* Directions *
Copy out all lines in the data below containing the string "Lexus".

[Brief descriptive captions]
BEGIN

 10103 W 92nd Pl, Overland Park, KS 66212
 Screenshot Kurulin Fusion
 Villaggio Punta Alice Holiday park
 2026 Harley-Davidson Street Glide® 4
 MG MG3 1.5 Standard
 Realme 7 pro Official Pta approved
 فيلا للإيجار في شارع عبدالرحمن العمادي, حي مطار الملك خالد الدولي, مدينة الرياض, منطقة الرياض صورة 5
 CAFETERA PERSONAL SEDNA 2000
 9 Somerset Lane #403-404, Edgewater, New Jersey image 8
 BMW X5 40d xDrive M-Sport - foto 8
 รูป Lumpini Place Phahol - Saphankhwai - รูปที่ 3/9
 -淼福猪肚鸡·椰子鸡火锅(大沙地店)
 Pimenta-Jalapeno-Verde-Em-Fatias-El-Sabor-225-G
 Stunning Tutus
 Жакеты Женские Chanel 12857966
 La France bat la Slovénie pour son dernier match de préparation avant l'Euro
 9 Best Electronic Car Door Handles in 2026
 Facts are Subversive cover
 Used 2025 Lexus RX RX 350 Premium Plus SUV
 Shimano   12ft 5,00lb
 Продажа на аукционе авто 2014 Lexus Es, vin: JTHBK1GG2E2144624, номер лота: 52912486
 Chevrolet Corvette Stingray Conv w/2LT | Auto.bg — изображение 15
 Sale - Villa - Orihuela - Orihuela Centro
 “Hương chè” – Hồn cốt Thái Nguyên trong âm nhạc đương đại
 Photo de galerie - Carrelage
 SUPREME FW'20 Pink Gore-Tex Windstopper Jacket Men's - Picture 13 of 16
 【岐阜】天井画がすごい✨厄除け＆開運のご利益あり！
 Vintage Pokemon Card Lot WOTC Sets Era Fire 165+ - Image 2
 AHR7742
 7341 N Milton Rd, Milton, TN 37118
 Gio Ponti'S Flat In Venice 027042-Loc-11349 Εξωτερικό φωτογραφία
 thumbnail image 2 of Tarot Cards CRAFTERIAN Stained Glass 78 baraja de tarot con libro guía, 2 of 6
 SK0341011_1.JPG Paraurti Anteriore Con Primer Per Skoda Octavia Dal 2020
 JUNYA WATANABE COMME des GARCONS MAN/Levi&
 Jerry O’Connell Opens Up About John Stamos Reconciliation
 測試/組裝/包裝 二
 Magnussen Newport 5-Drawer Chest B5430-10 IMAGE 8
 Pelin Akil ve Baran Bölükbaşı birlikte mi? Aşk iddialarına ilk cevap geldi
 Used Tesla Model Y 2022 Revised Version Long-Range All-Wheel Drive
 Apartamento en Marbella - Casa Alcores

END

* Exercise answer *
 Used 2025 Lexus RX RX 350 Premium Plus SUV
 Продажа на аукционе авто 2014 Lexus Es, vin: JTHBK1GG2E2144624, номер лота: 52912486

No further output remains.